MCA205 or GL261 cells were seeded at 105 cells/well in a 96-well plate. After incubation overnight, the cells were stained with 3.3 µM Sytox Green nucleic acid stain (molecular probes) and stimulated with 2.5 µM RAS-selective lethal 3 (RSL3) (Sigma Aldrich) for different durations (1, 3, 6 and 24 hours). Cell death was analyzed as described in Demuynck et al.36 (link) Fluorescence was measured on a Tecan Spark 20M multimode microplate reader.
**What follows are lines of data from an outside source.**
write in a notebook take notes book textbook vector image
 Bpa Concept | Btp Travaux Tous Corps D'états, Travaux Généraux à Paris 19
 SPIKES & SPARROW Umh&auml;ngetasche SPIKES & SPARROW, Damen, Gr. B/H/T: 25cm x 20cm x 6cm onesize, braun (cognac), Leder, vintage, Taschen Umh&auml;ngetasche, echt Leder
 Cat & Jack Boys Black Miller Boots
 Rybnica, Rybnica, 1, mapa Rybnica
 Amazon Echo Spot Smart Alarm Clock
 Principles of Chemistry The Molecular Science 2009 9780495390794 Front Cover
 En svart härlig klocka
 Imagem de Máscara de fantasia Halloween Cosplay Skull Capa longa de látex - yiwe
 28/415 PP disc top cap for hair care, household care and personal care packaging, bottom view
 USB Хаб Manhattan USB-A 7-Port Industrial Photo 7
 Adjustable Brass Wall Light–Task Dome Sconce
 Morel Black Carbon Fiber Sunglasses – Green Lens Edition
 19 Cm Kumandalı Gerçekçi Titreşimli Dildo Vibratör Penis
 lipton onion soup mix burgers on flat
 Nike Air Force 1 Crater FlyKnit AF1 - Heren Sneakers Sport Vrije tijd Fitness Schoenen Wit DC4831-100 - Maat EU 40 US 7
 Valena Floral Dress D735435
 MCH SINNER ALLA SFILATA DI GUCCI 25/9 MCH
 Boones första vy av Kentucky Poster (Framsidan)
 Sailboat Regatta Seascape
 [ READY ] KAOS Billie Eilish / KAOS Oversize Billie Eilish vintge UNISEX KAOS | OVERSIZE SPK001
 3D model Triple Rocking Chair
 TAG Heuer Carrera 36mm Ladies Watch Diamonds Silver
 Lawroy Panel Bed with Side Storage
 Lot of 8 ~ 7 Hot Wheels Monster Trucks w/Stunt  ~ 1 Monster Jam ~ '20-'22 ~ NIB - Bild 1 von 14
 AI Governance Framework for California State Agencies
The following inhibitors were used to block different cell death modalities36 37 (link): the pan-caspase inhibitor carbobenzoxy-valyl-alanyl-aspartyl-(O-methyl)-fluoromethylketone (zVAD-fmk, 25 µM, apoptosis, Bachem), the inhibitor of ROS and lipid peroxidation ferrostatin-1 (Fer-1, 1 µM, ferroptosis, Sigma Aldrich), the iron chelator deferoxamine (DFO, 10 µM, ferroptosis, Sigma Aldrich), the nonspecific lipophilic antioxidant α-tocopherol (α-toc, 100 µM, ferroptosis, Sigma Aldrich) and the RIPK-1 inhibitor necrostatin-1s (Nec-1s, 20 µM, necroptosis, Abcam). The cell death inhibitors were added 1 hour before RSL3 stimulation.
For recovery experiments on both MCA205 and GL261 cells, after treatment for 1, 3 or 6 hours, RSL3-conditioned medium (2.5 µM RSL3) was replaced with drug-free medium; cell death was determined 24 hours after RSL3 stimulation as described above.